This is a very important step. Clients who have the benefit of this expertise and are armed with realistic expectations are much better able to raise, talk about, and decide issues, making them much more effective in the mediation. Some family lawyers compose for their clients a brief memorandum or outline of the legal issues, relevant legal information, strategy and possible outcomes. In some cases these letters can be very useful in mediation when shared with an unrepresented spouse or the mediator, especially when s/he is not an attorney. Naturally, you do not share strategy.
I cannot over-emphasize how important it is for consulting counsel to be a reality tester for the client. As every family lawyer knows, many outsiders whisper things into divorcing clients’ ears, such as what they’re absolutely entitled to or what absolutely happens in court. More often than not, this ‘street talk’ is more hindrance than help, both to client and professional. When a client presents clearly erroneous street talk in mediation I often refer them to consulting counsel, who can help them to understand what really happens. This is because clients who have extremely out-of-line understandings of the probable legal outcome can pose substantial hurdles to the completion of an agreement. And in my experience this information is most effectively delivered by counsel. This is because when clients hear a more balanced picture from their own counsel -- who presumably has only their best interests at heart – they are better able to believe it, which goes a long way toward neutralizing the interference and realigning their expectations.
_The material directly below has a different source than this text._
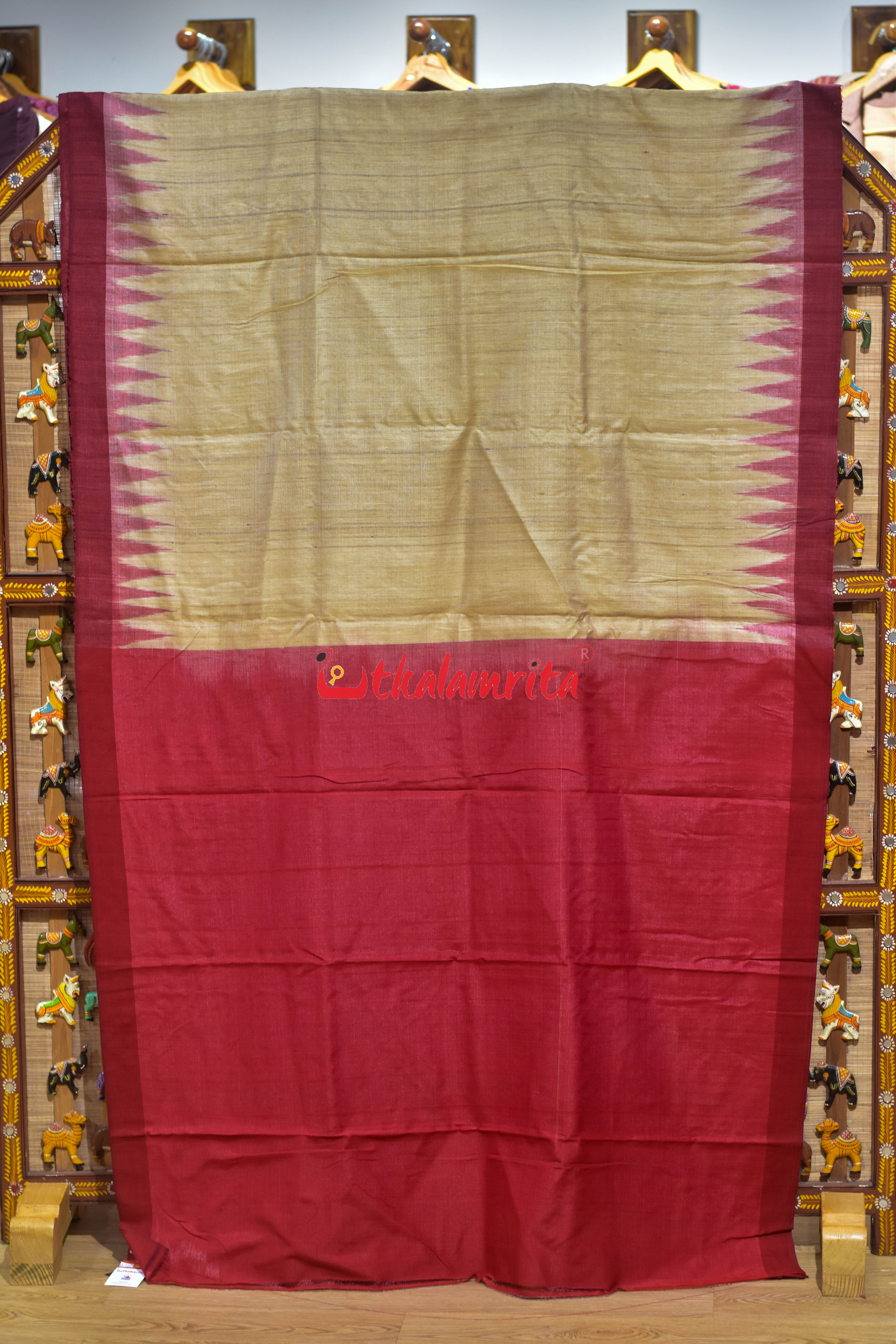 Red Kumbha Ghee Gopalpur Tussar Silk Saree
5. Get, Produce and Digest the Documentation.
Both parties, as well as the mediator, need useful information to have meaningful discussions. And clearly, your client will need sufficient financial information in order to make proper decisions concerning support and division of property. Consulting counsel should be certain that the each client knows what documentation is adequate to get a full understanding of the family finances in each situation -- and that no financial decisions should be finalized until the necessary information has been received and digested. Consulting counsel should help the client put together the list of documents needed, such as pay stubs, tax returns and bank statements, and then carefully review the financial information with the client.
Remember that each case is different; and what will suffice in one case may not be enough information in another. The key is to gauge for the client when there is enough information, without turning over every stone if this does not add sufficient value. This may differ somewhat from the average litigation model, where broad interrogatories are served and then argued over. It is my experience that mediation clients have often chosen mediation to dispense with unnecessary discovery – specifically the kind that adds little value in decision making.
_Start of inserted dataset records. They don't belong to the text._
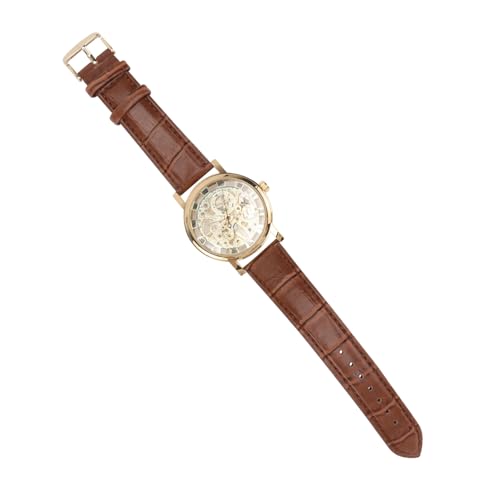 VALICLUD Automatische Mechanische Armbanduhr Für Herren Mit Pu-armband Gold Und Braun Edelstahl Präzise Zeitmessung Geeignet Für Männer Und Jungen von VALICLUD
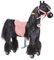 PONNIE Reitpferd mit Rollen Ebony S (3-6 Jahre), Spielpferd zum Reiten mit Abnehmbarer Rosa Sattel und Halfter mit Zaumzeug, Kämmbare Mähne und Schwanz, Plüschpferd zum Reiten für Kinder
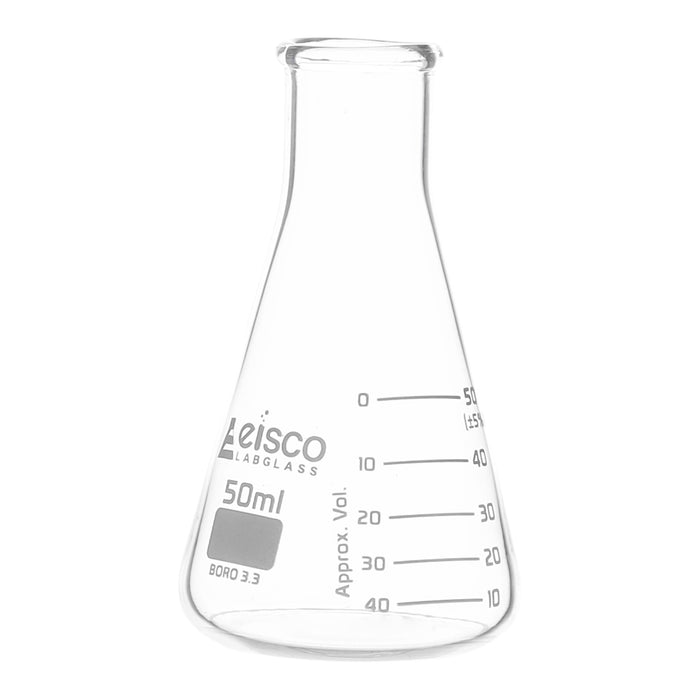 Erlenmeyer Flask, 50mL - ASTM, Dual Graduated Scale - Borosilicate Glass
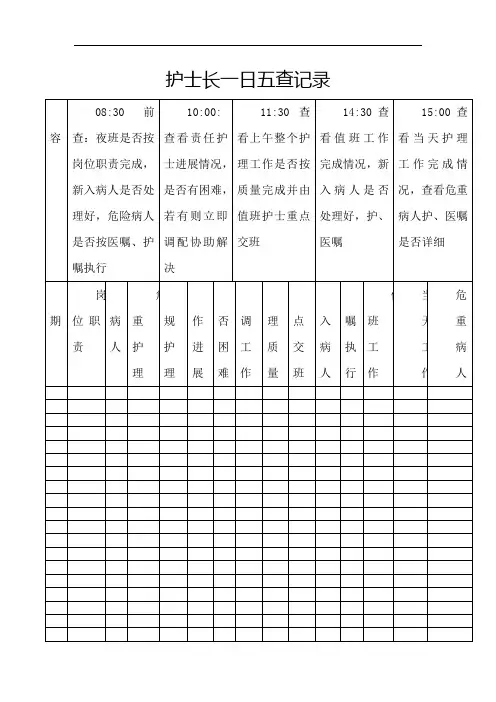 护士长每日五查记录表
Sometimes your client may be reluctant to produce the necessary information. For example, some clients think that by not disclosing an item they can ‘keep it off the table,’ beyond discussion in the settlement. I suggest to clients that they’re far better off providing full disclosure and then making the arguments for why they should keep the item in question. This is so for at least two reasons.
First I usually explain that in the end, in my state (and in many others; check your state’s regulations) true, correct and complete financial information must be produced and disclosed to the court on a financial affidavit, which is a sworn statement to the court concerning assets, liabilities, income and expenses. This is the rule in all divorces, mediated or not. I also throw in that lying materially on a financial affidavit is an extremely dangerous thing to do that could become grounds for reopening the case years later. So if your state has a similar practice, this will ordinarily end the discussion with most clients.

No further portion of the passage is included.